MOSCOW prosecutors are trying to ban the Jehovah’s Witnesses in the Russian capital under a controversial new law that aims to curb the activity of “non-traditional” religious groups.
The Jehovah’s Witnesses say they are the latest victim of the 1997 law “on freedom of conscience and religious organisations.”
And, on Tuesday, September 29th 1998, a court hearing began which could see other minority religions throughout Russia eventually being shut down.
It is believed that a body called the Committee for the Rescue of Youth had initiated the case by accusing the Jehovah’s Witnesses of destroying families, fostering hatred and driving their members to insanity and suicide.

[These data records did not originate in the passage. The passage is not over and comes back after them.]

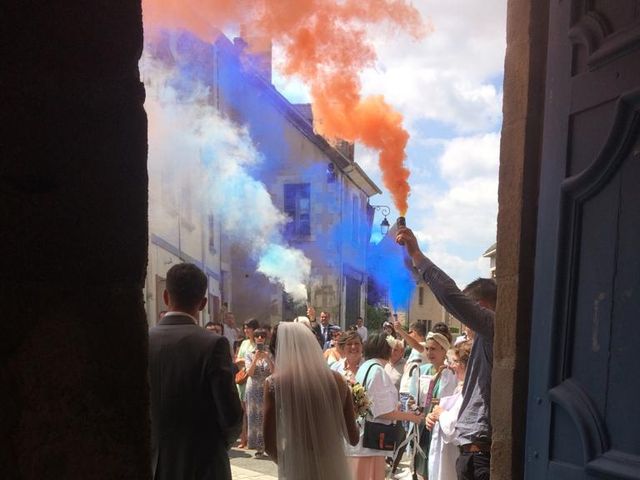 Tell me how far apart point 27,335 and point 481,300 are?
2.91m

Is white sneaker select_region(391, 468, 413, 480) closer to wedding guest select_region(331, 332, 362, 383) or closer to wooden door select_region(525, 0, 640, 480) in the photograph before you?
wedding guest select_region(331, 332, 362, 383)

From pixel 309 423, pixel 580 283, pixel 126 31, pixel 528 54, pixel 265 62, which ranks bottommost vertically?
pixel 309 423

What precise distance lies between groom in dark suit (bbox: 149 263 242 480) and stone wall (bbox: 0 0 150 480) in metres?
1.71

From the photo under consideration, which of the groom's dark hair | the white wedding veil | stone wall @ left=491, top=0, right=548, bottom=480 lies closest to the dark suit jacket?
the groom's dark hair

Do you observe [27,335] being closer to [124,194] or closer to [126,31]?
[124,194]

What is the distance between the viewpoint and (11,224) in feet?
4.32

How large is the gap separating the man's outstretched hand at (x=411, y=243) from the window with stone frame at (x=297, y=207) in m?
20.9

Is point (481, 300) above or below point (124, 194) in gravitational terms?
below

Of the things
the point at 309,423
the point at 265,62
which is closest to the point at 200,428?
the point at 309,423

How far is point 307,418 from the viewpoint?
3746mm

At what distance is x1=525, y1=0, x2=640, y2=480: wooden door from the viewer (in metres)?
1.89

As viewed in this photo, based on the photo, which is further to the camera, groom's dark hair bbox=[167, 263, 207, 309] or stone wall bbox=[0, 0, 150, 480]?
groom's dark hair bbox=[167, 263, 207, 309]

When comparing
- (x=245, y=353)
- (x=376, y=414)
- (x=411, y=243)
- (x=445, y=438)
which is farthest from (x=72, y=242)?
(x=245, y=353)

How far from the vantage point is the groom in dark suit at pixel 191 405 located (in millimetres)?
3088
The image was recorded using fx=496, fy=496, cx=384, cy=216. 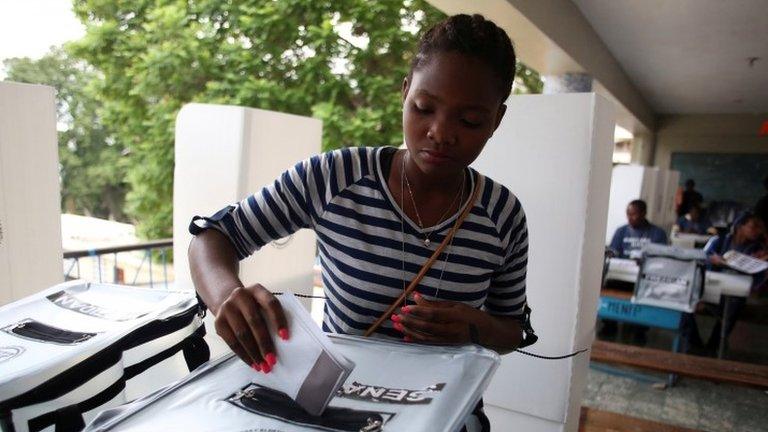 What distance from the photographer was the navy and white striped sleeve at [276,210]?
1010 mm

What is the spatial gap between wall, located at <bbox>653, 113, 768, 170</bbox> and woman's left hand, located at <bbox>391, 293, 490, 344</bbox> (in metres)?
14.4

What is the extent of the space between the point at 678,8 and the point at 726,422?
3564mm

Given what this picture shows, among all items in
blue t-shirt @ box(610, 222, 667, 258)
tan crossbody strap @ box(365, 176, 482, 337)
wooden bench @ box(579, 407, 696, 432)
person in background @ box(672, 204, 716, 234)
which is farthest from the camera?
person in background @ box(672, 204, 716, 234)

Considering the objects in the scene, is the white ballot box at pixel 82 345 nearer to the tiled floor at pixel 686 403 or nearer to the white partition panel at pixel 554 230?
the white partition panel at pixel 554 230

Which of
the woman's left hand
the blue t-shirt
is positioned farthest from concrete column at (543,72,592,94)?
the woman's left hand

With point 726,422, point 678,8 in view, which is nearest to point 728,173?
point 678,8

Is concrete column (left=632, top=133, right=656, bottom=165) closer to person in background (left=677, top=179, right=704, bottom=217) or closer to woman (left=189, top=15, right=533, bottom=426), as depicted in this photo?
person in background (left=677, top=179, right=704, bottom=217)

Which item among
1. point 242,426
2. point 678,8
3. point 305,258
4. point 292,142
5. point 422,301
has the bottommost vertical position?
point 305,258

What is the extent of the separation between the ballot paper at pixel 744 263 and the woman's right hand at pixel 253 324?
5.57 metres

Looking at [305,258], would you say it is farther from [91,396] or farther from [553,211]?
[91,396]

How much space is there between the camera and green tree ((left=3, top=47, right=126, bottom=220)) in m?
10.0

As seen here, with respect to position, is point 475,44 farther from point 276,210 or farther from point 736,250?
point 736,250

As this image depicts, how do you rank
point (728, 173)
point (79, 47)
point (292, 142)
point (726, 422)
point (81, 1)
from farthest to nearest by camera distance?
point (728, 173) < point (81, 1) < point (79, 47) < point (726, 422) < point (292, 142)

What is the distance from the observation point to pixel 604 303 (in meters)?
4.86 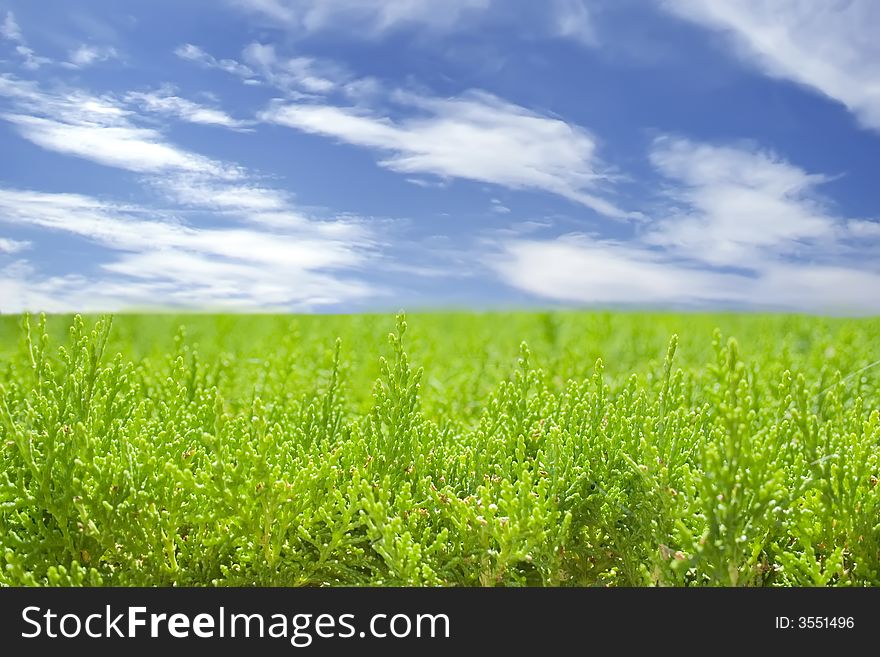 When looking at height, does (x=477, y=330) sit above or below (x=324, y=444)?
above

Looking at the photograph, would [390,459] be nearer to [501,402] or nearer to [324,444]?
[324,444] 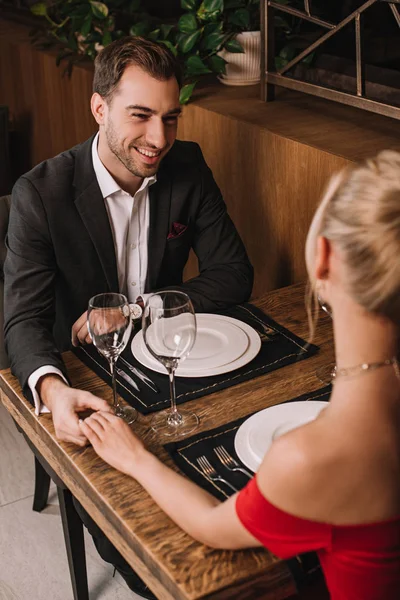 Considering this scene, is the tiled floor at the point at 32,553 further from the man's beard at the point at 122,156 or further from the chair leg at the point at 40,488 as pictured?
the man's beard at the point at 122,156

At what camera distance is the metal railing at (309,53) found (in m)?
2.29

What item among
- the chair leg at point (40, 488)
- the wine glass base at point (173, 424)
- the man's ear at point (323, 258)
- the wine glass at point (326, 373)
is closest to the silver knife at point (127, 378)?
the wine glass base at point (173, 424)

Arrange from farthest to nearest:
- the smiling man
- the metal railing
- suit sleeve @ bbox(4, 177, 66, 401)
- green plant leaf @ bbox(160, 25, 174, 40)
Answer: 1. green plant leaf @ bbox(160, 25, 174, 40)
2. the metal railing
3. the smiling man
4. suit sleeve @ bbox(4, 177, 66, 401)

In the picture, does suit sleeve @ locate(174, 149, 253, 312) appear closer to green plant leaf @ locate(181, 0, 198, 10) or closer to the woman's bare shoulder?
green plant leaf @ locate(181, 0, 198, 10)

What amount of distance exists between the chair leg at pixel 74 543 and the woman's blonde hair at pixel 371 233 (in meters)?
1.07

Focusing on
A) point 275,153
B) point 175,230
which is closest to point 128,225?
point 175,230

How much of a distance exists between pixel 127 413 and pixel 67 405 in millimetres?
114

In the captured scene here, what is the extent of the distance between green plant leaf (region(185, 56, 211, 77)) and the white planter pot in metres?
0.11

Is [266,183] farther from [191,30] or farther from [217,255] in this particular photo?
[191,30]

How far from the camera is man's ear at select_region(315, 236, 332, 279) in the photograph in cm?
105

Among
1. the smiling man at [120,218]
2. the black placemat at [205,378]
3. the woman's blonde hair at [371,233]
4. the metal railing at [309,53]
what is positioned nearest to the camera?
the woman's blonde hair at [371,233]

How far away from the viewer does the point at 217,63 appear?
9.50ft

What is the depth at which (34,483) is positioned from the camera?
2.55 metres

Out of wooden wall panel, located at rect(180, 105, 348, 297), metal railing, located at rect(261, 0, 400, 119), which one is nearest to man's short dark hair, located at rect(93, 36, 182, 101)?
wooden wall panel, located at rect(180, 105, 348, 297) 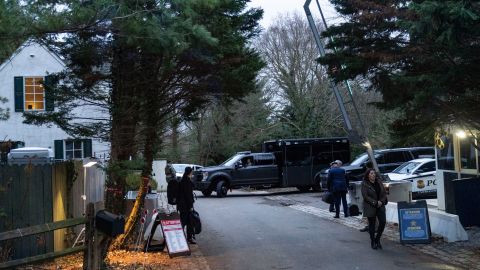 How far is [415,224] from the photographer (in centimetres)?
1188

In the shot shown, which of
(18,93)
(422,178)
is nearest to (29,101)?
(18,93)

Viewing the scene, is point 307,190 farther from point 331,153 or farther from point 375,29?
point 375,29

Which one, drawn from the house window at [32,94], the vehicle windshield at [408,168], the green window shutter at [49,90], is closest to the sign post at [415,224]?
the green window shutter at [49,90]

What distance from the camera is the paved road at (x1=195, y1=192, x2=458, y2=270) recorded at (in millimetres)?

So far the law has been branded by human rights’ activists, the Vatican and Washington as discriminatory and politically motivated.
They say the law, designed to strengthen the Russian Orthodox Church and restrict foreign religions and cults that many Russians consider dangerous, contradicts Russia’s constitutional right to freedom of religion.
“This case reflects the anti-religious views of some officials who want to take us back to Soviet days,” said Artur Leontyev, a lawyer for the Jehovah’s Witnesses.
“The new religion law is a political document. If the prosecutors win this case it will have reverberations across Russia,” he said.
He said the prosecution had so far failed to explain its grounds for trying to close the Jehovah’s Witnesses.
And that seems to be proven by the fact that trial has been put back until February 9th, 1999 to allow prosecutors to fully prepare their case.